Hezbollah Commandos Are Back on Israel’s Border, and They’re Armed With the Element of Surprise

The main change that has taken place over the past year on the Israeli-Lebanese border involves Hezbollah’s new military preparedness. Following about five years in which most of Hezbollah’s efforts, and most of the people in its top units, were mired in the Syrian civil war, the fighters have returned home, to southern Lebanon.

Members of Hezbollah’s Radwan commando force have been released from the Assad regime’s battle for survival and have returned to their original positions in Lebanon, near the front line. Some of the units are deployed relatively close to the border with Israel, with a presence south of the Litani River as well, in violation of the terms of the cease-fire spelled out in UN Security Council Resolution 1701 at the end of the 2006 Second Lebanon War.

At an observation post overlooking Lebanon from the Israeli side of the border, it’s possible to make out observation points facing in the other direction, which were established by Hezbollah more than two years ago on the pretext that they belonged to an environmental group. Some of Hezbollah’s activities along the border are carried out in civilian garb and without weapons being visible, in coordination with the Lebanese army. But Israeli intelligence has been gathering documented proof of the activity, as part of its regular wrangling with Lebanon over violations of UN resolutions.

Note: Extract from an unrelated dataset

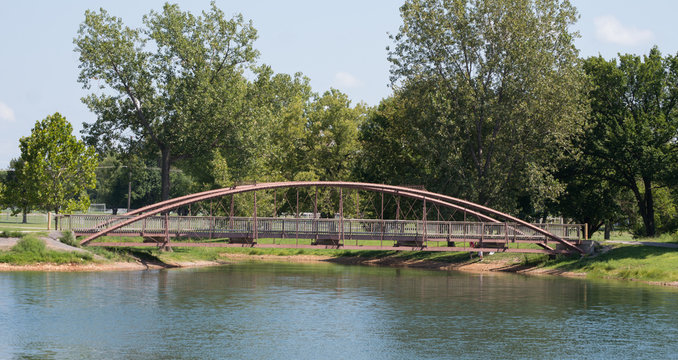 A scenic view of a bridge over a waterway in a Missouri park.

In the Israeli army, it has been difficult to identify which of the activists are Radwan members and which belong to Hezbollah’s regional defense network, which has been deployed in the south over the years: Commando activists move around differently and are equipped differently from regional activists.

Hezbollah’s years of fighting in Syria alongside Iranian Revolutionary Guards and Russian army officers have given the organization and its commanders critical experience in fields that were unfamiliar to them in the past. This experience, however, came coupled with heavy loses. (In Israel the estimate is that about 2,000 Hezbollah fighters were killed and more than 8,000 were wounded).

But the return to the south gives Hezbollah another advantage: The proximity of its top units to the border theoretically shortens the time it needs to carry out a surprise attack against Israel, in the nature of a move talked about it recent years – a surprise takeover of communities or Israeli army positions along the border.

The General Staff and Northern Command officers are aware of this risk and a number of changes have been made in the army’s defense and intelligence alignment to thwart the danger.